A third approach uses foods with a form based on one cuisine, but prepared using ingredients and flavors inherent to another cuisine or cuisines. For instance, pizza made with cheddar and pepper jack cheese, salsa, refried beans and other common taco ingredients is often marketed as "Taco Pizza" or a similar concept[citation needed], and is a fusion of Italian (pizza) and Mexican cuisines. Another example of this are Korean tacos. Similar approaches have been used for fusion-sushi, such as rolling maki with different types of rice and ingredients, e.g. cheetos, curry and basmati rice, cheese and salsa sauce with Spanish rice, or spiced ground lamb and capers rolled with Greek-style rice and grape leaves (resembling inside-out dolmades).

Since fusion cuisine is a general term, it is legitimately applied to either sort of restaurant. While many diners feature dishes from Greek, Italian, and sometimes Asian cuisines side-by-side, these restaurants are generally not considered fusion as they fail to combine any elements of the cooking styles and also have no over-arching fusion or eclectic theme.[citation needed][2]


Kaeng phet pet yang (Thai roast duck curry) is an example of early fusion cuisine of the cosmopolitan court of the Ayutthaya Kingdom (1350 CE to 1767 CE) combining Thai red curry, Chinese roast duck and grapes originally from Persia

This type of restaurant's success depends on a number of factors.
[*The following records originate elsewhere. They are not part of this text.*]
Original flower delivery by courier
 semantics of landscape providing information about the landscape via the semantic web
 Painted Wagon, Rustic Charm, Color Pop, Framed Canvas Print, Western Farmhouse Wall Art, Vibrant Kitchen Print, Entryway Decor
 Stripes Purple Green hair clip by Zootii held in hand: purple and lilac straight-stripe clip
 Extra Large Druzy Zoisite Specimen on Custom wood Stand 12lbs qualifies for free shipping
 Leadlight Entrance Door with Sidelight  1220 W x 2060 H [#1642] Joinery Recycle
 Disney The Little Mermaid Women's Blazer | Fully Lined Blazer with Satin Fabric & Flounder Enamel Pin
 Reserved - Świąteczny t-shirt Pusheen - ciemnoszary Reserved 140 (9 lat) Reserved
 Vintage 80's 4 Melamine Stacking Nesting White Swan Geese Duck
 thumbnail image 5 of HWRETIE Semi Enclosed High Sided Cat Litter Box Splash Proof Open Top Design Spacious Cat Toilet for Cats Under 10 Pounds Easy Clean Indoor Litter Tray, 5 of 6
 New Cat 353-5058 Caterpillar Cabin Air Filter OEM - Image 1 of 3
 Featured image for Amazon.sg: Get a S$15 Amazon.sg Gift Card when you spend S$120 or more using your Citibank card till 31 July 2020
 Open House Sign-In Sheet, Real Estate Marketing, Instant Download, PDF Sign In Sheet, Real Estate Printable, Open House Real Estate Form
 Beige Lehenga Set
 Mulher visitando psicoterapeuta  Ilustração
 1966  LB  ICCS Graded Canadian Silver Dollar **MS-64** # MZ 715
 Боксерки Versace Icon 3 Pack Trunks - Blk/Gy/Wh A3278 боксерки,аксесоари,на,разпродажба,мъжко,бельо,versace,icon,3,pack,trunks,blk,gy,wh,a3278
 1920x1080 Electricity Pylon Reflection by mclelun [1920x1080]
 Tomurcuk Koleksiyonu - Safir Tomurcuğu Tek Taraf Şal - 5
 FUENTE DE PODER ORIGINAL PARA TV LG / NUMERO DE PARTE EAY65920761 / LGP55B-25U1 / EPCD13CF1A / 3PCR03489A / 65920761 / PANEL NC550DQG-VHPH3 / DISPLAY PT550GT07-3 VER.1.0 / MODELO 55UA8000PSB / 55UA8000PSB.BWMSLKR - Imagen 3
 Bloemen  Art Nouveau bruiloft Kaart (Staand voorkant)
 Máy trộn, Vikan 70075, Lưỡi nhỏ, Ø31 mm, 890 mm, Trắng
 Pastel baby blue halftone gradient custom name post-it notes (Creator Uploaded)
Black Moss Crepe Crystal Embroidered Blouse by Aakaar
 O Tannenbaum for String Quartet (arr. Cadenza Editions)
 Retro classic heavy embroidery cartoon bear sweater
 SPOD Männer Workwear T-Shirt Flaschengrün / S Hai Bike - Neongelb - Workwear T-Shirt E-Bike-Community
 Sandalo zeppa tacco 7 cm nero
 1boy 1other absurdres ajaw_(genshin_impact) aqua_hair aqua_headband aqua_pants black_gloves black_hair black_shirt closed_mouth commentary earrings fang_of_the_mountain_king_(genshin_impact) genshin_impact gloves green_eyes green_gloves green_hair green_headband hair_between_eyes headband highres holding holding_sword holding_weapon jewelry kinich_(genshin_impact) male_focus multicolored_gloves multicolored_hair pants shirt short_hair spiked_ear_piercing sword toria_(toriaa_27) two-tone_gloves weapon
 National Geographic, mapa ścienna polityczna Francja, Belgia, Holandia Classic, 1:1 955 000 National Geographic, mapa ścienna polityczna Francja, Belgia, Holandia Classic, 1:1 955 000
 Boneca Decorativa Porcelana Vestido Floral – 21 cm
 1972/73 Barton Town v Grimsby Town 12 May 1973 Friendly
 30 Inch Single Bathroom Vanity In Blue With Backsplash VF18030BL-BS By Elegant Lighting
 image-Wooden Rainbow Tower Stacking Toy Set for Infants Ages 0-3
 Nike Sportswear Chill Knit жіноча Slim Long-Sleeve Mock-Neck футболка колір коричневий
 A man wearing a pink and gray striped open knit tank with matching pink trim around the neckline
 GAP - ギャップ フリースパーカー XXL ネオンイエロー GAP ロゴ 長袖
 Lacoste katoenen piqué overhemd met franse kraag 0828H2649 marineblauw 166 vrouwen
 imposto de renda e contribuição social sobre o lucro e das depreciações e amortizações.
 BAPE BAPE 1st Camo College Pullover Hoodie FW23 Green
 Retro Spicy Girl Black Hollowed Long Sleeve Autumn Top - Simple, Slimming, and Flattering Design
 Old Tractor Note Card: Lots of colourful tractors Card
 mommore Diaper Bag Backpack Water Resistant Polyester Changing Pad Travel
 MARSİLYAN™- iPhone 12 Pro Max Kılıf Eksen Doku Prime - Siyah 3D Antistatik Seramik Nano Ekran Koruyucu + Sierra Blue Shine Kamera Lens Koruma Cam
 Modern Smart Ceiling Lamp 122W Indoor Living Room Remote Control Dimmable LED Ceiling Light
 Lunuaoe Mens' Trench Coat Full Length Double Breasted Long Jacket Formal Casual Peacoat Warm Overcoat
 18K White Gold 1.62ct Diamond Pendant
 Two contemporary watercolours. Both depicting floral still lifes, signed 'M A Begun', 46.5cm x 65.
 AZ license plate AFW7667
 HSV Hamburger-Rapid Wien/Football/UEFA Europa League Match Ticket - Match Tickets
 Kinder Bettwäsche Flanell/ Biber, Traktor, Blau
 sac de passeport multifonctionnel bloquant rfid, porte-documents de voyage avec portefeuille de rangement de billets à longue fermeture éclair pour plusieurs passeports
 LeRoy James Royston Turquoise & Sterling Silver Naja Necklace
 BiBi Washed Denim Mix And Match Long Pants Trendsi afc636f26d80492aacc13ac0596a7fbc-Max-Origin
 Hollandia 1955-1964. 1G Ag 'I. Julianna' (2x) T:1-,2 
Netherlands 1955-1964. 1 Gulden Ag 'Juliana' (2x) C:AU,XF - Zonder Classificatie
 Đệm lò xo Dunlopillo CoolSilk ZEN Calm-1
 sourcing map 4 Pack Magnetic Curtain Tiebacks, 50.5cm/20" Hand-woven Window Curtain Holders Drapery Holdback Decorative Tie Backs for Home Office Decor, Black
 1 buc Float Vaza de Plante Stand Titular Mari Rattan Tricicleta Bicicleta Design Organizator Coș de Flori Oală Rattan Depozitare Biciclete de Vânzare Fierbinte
Among these are:

  • Clientele's (or prospective clientele's) cultural diversity
  • Clientele's travel patterns and experiences.
  • Clientele's culinary sophistication and openness to new eating experiences.

Wolfgang Puck is considered as one of the pioneers of fusion cuisine[citation needed]. However, his restaurant "Chinois" was named after the term attributed to Richard Wing, who in the 1960s combined French and Chinese cooking at the former Imperial Dynasty restaurant in Hanford, California.[3]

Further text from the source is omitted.